Selon le communiqué, la démarche syrienne entre dans le cadre des « mesures revanchardes contre le peuple libanais qui a renversé le régime policier lors de la révolution du Cèdre ».
L'association Journalistes contre la violence se déclare en outre « surprise de voir le régime syrien recourir à des moyens (le pouvoir judiciaire) qu'il n'a jamais utilisés, car il n'existe pas de pouvoir judiciaire en Syrie ». Elle appelle les autorités libanaises à « assumer la responsabilité de toute agression qui pourrait viser l'une des 33 personnalités inscrites au tableau d'honneur libanais, à convoquer l'ambassadeur de Syrie pour qu'il donne des éclaircissements sur les dessous de cette décision qui viole de manière flagrante les relations libano-syriennes et les accords conclus entre les deux pays et, enfin, à retirer l'ambassadeur du Liban à Damas ».
Le communiqué exhorte en outre « les milliers de Libanais lésés par le régime policier à se mobiliser pour obtenir du Conseil de sécurité une nouvelle résolution dans la lignée des résolutions 1559, 1680 et 1757 ».

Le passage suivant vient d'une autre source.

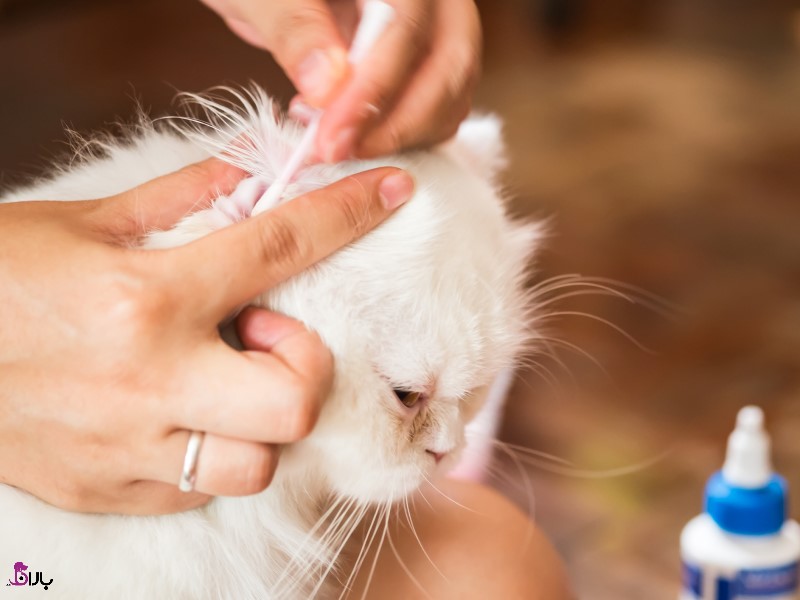5 درمان خانگی برای کنه گوش در گربه ها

De son côté, l'ONG SKeyes (« Samir Kassir eyes ») a condamné plus spécifiquement les poursuites syriennes contre les journalistes inclus dans la liste (10 sur 33).
Le texte dénonce « une tentative de museler les journalistes et de les empêcher de rapporter des informations et d'exprimer leur point de vue ». « Chaque journaliste qui donne son opinion et qui est en quête de la vérité dans l'affaire de l'assassinat de Rafic Hariri et des autres martyrs, en particulier les journalistes parmi eux, est-il devenu un faux témoin ? » s'interroge l'ONG.
Pour elle, les mandats d'arrêt syrien sont « une sorte d'épouvantail brandi face aux médias pour leur faire peur et pour empêcher la presse de remplir son rôle, de s'exprimer, de révéler ce qui est caché et de rapporter les faits ».